You know what else was a nice surprise? Having a post-anniversary anniversary. You see…on the 17th, our 13th anniversary, the most romantic man in Canada and I went to work, and then we went for a barbecue birthday dinner at his sister’s house. (PS. The dinner was lovely. It was really nice to get together with the whole mishpacha to eat really, really good food, but it wasn’t exactly the ROMANTIC evening I was expecting; nowhere near it. Also, there was no cake.) And then, after the dinner, he went out to play his Tuesday night hockey game and then ended up staying to play another game. I was asleep when he got home.
So, the next morning, I told him how disappointed I was. And then I tweeted about it. Of course I did. And then I got a text telling me that my tweet would have been slightly more sting-y if he hadn’t arranged for our nanny to babysit so we could go out for sushi and to see Bridesmaids. (I guess we celebrate on the 18th now. I’m okay with that. I never say no to sushi of funny films.)
And it was funny. Really funny. It was not, however, as nonstop giggle-inducing as The Hangover, or my most favorite Apatow joint Anchorman. But, you see, the beauty of a female-led chick movie made with non-leading ladies is that you get these lovely laugh-out-loud, pee-in-your pants moments from strong and hilarious ladies like Kristen Wiig and Melissa McCarthy, but you also get a story with some heart, and not in a total typical chick flicky cheeseball way either. This is not Julia Roberts or Jennifer Aniston, you guys. No. This is physical comedy at its best. The only thing missing was Leslie Mann.

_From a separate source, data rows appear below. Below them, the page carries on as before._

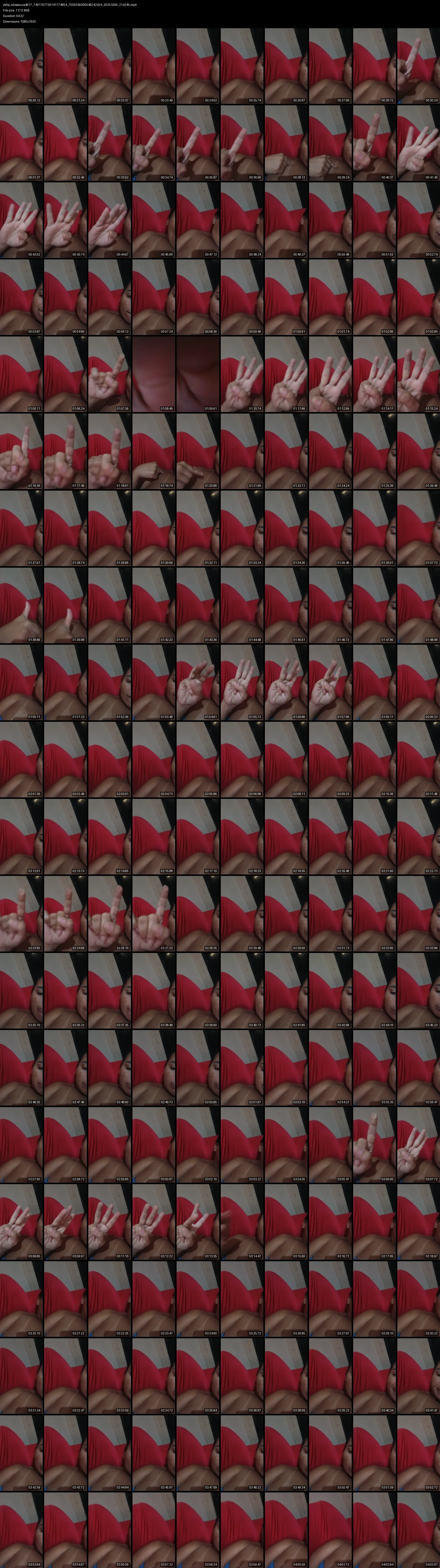 grid_ytdlp_silvasouza4617_7491767730141774854_7559340305049242424_20251009_214245.mp4.webp
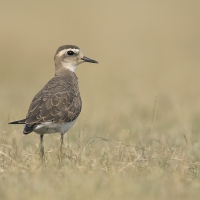 Caspian plover | 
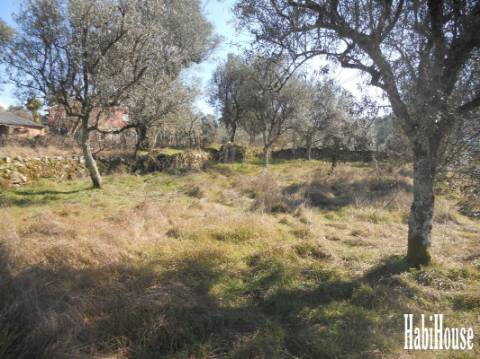 Terreno  Venda em Santar e Moreira,Nelas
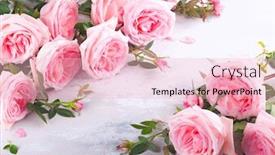  Presentation with pink roses - Beautiful slide deck featuring beautiful-fresh-pink-roses-flowers backdrop and a lemonade colored foreground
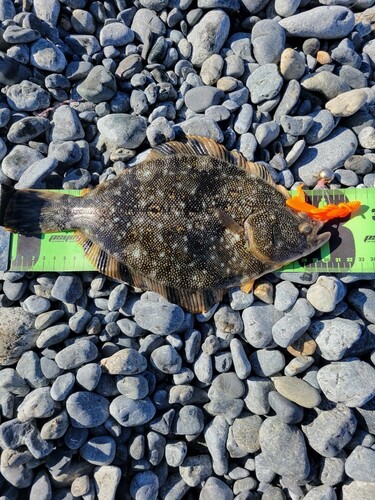 マツカワの釣果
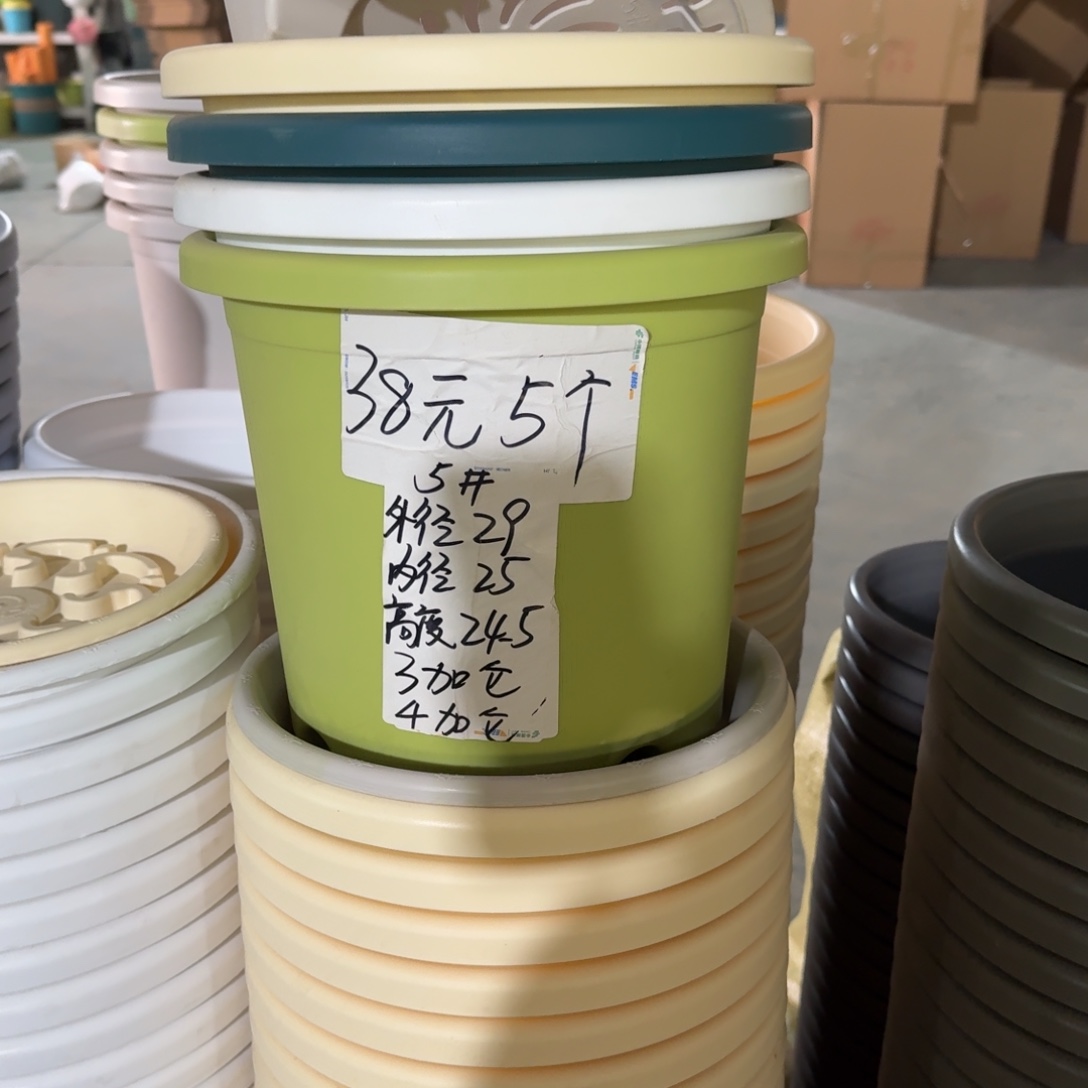 四季5#口径29高25无拖果绿10个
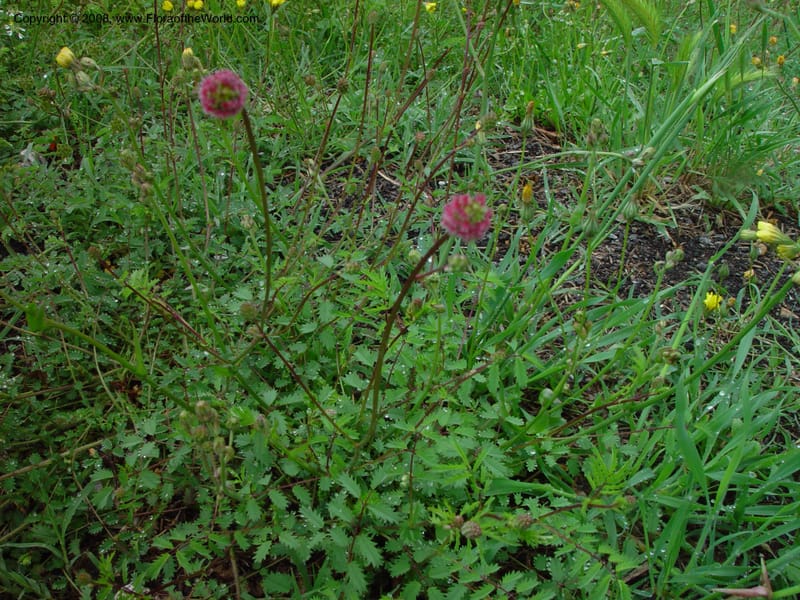 Sanguisorba minor--Italy. Tuscany. Totalfina Station on Hwy A1 (E35) so. of Arezzo. 12 May 02. 004.jpg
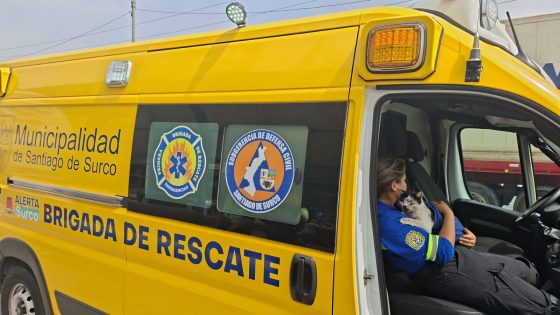 Gatita atrapada en la Panamericana Sur fue rescatada por brigadistas de la Municipalidad de Surco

You see, Wiig’s Annie is seriously the saddest and most hilarious person at the same time. Her career is over, her British brother-and-sister duo of roommates are ridiculous, her love life is in the toilet, and her best friend has moved on to a bigger and better and fancier country-clubby life in Chicago and we have to sit and watch her life unravel while she tries to hold her shit together to help her childhood bff plan her wedding while causing more chaos than support.
But, you know, she gets to have weird sex with Jon Hamm,
so maybe she’s not quite THE saddest of all time. But it was super emotional nonetheless, a fact I wish I had known going in to see the movie that is being buzzed around as the funniest movie ever.
No one is buzzing around with a much more appropriate “Bridesmaids is great. Make sure you wear depends undergarments and bring a box of tissues.”
You’re welcome.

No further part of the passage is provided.